In 1807, the regiment was designated as Hussars and retitled 7th (The Queen's Own) Regiment of (Light) Dragoons (Hussars). Sent to Corunna in October 1808 to support Sir John Moore's retreat, they fought at the Battle of Sahagún on 21 December 1808 and the Battle of Benavente on 29th. Part of the Queen's Own was shipped home in the Dispatch, which was wrecked just south of the Lizard on 22 January 1809; 104 men were lost from the regiment, only seven in total were saved.
The unit returned to the Peninsula in August 1813 and made several charges at the February 1814 Battle of Orthez, Wellington reporting that the 7th Hussars distinguished themselves on this occasion and made many prisoners.
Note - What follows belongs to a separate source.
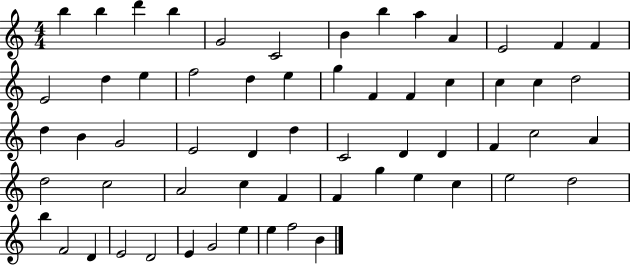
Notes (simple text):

B5/q B5/q D6/q B5/q G4/h C4/h B4/q B5/q A5/q A4/q E4/h F4/q F4/q E4/h D5/q E5/q F5/h D5/q E5/q G5/q F4/q F4/q C5/q C5/q C5/q D5/h D5/q B4/q G4/h E4/h D4/q D5/q C4/h D4/q D4/q F4/q C5/h A4/q D5/h C5/h A4/h C5/q F4/q F4/q G5/q E5/q C5/q E5/h D5/h B5/q F4/h D4/q E4/h D4/h E4/q G4/h E5/q E5/q F5/h B4/q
In March 1814, the unit moved to Brighton, where it was used to put down rioting caused by the imposition of the Corn Laws. When Napoleon was restored in 1815, the regiment returned to the Netherlands; during the rearguard action at Genappe on 17 June, Lord Uxbridge ordered it to attack French lancers under Colonel Jean Baptiste Joseph Sourd. The following day, at the Battle of Waterloo, the regiment was held in reserve until the evening, but then again undertook a series of charges. Standish O'Grady, then a lieutenant in the 7th Hussars, wrote to his father:

"We charged twelve or fourteen times, and once cut off a squadron of cuirassiers, every man of whom we killed on the spot except the two officers and one Marshal de Logis, whom I sent to the rear".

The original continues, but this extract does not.